§ Task to carry out
First find the line with "Bluford, IL 62814", then reproduce it and all following lines of the data to the end, exactly and with no pictures, adding nothing.
[[ Dataset content open ]]
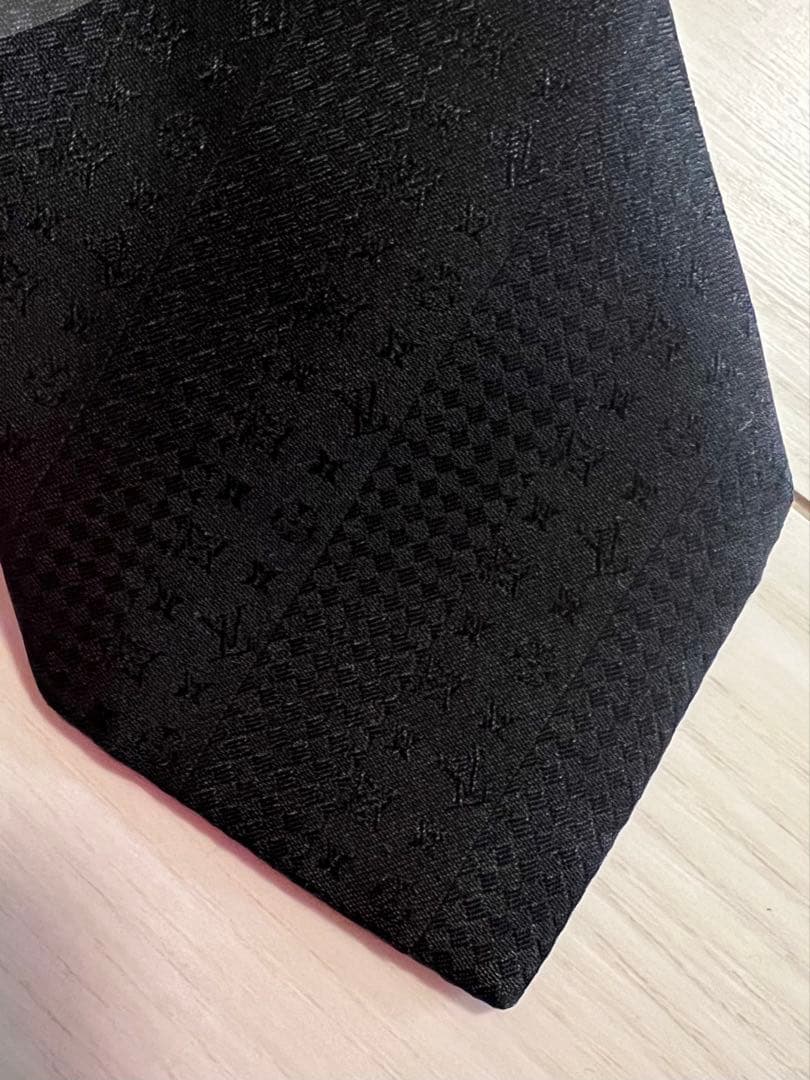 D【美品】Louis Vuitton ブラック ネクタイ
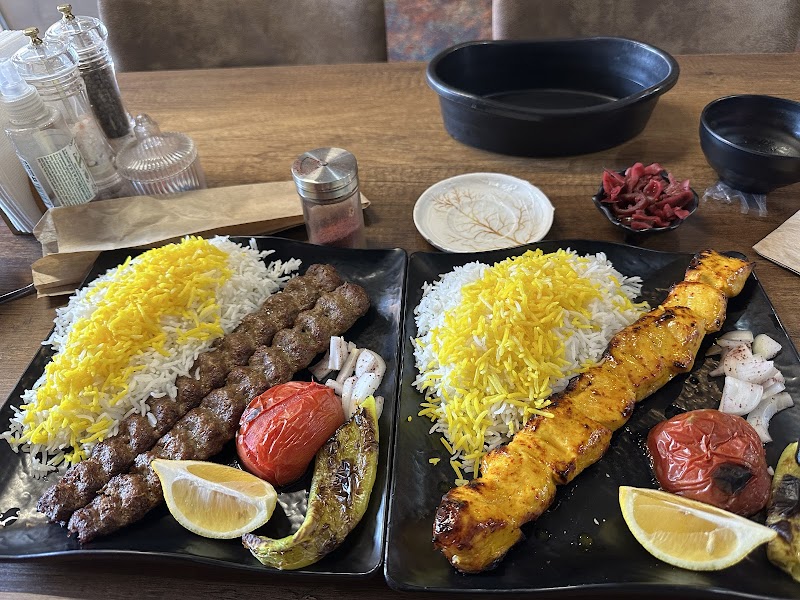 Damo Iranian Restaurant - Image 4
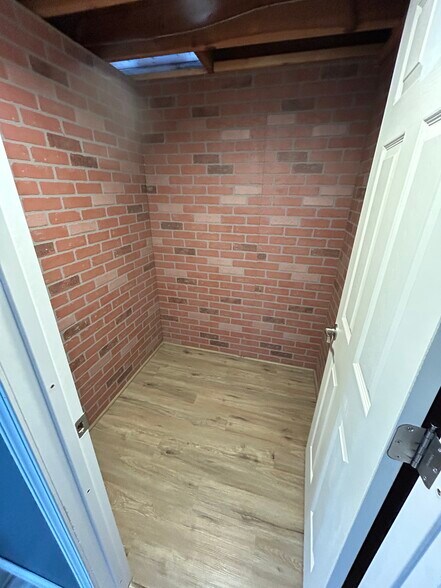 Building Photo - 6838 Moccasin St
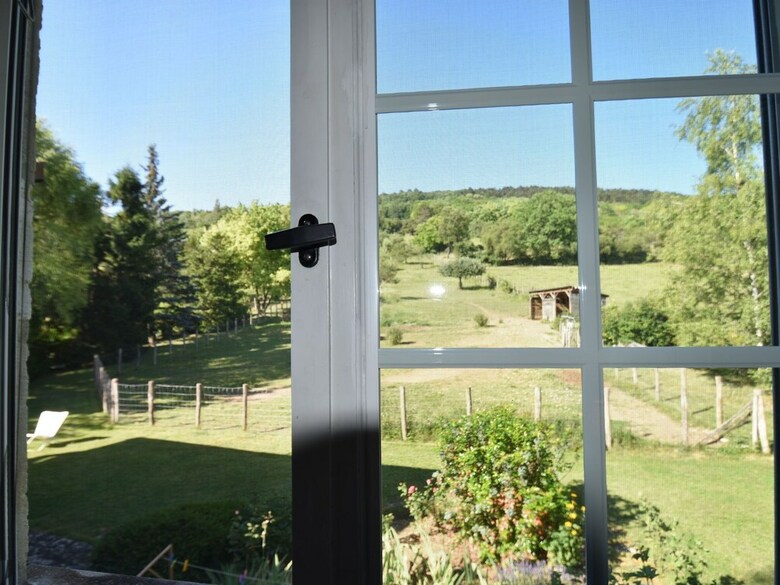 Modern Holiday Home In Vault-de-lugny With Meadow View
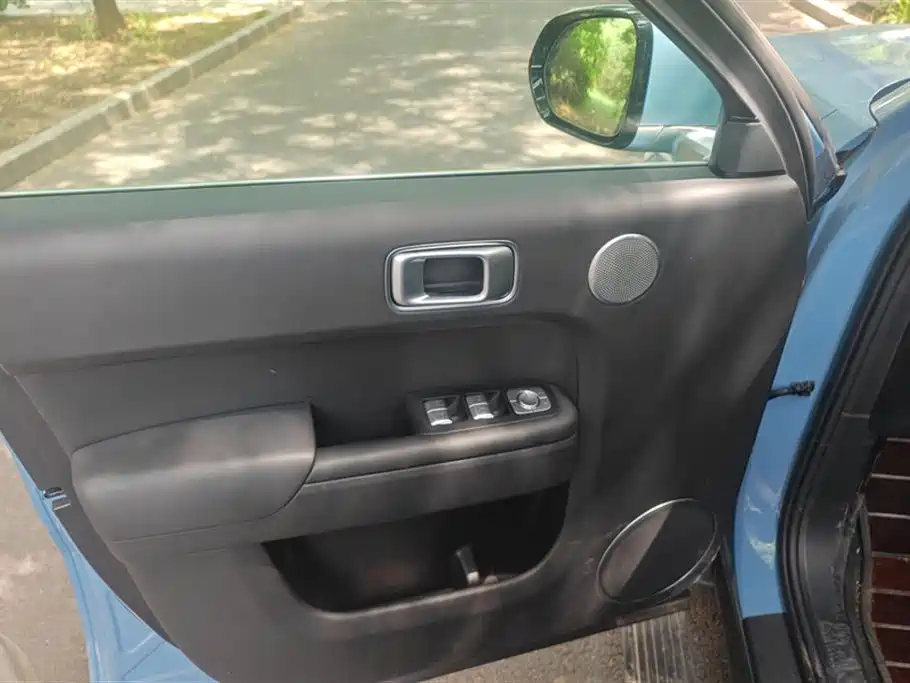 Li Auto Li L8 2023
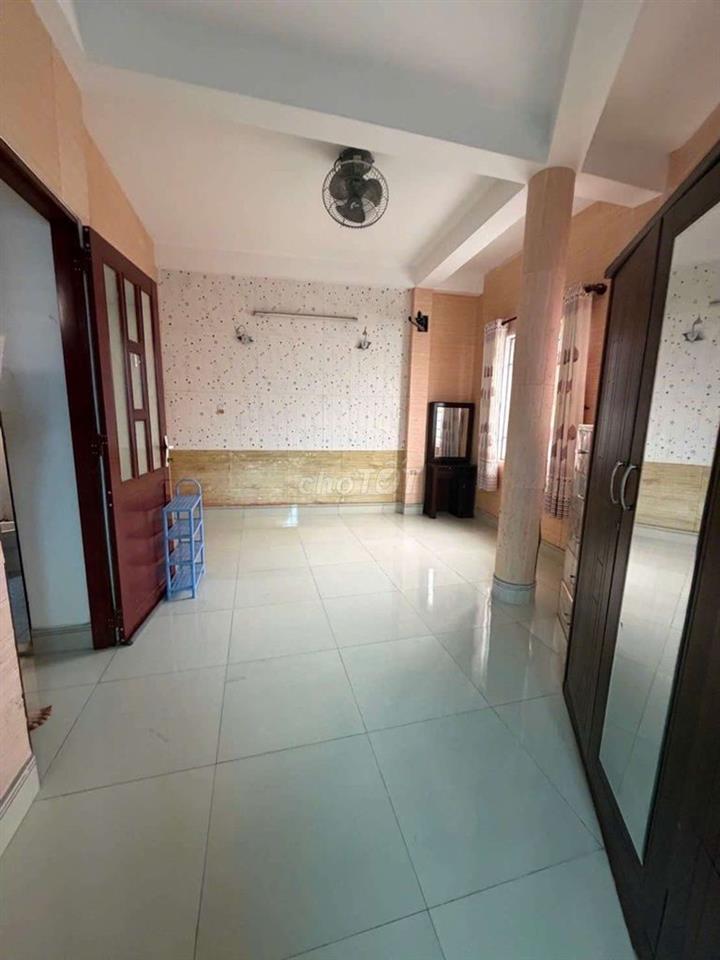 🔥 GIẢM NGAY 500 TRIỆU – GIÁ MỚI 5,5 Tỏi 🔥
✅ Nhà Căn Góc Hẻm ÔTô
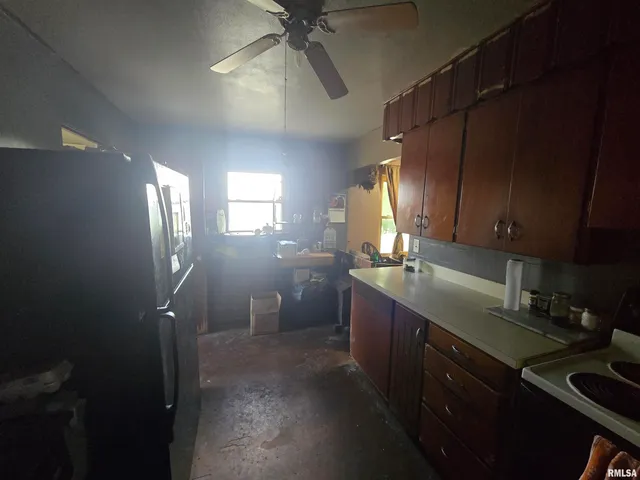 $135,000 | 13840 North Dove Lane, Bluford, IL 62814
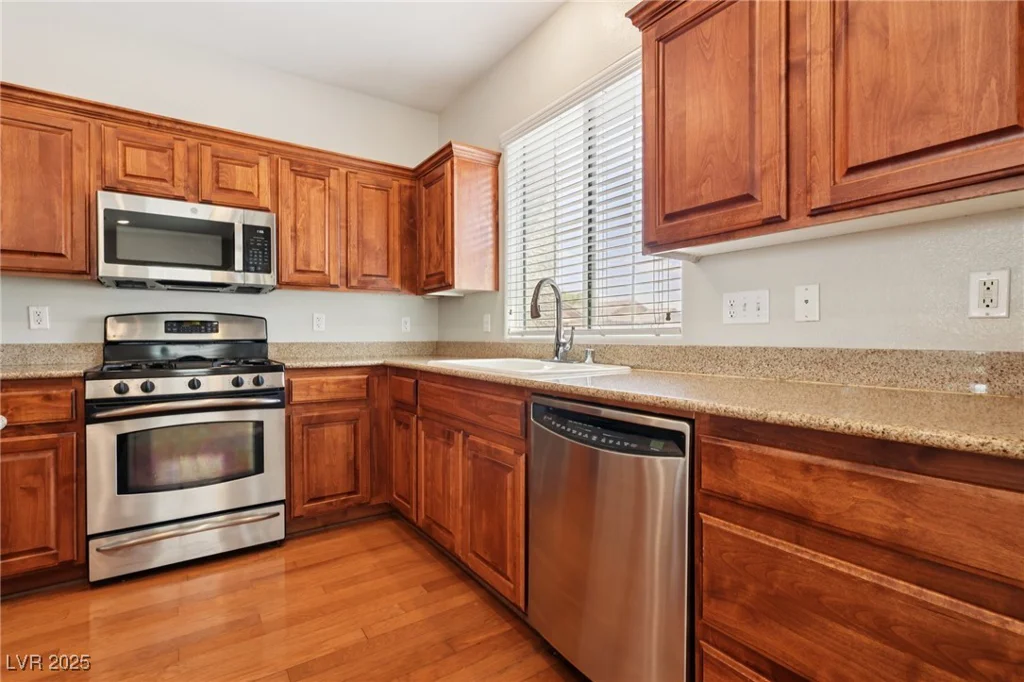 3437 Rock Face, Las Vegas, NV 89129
[[ Dataset content closed ]]
§ Written response
 $135,000 | 13840 North Dove Lane, Bluford, IL 62814
 3437 Rock Face, Las Vegas, NV 89129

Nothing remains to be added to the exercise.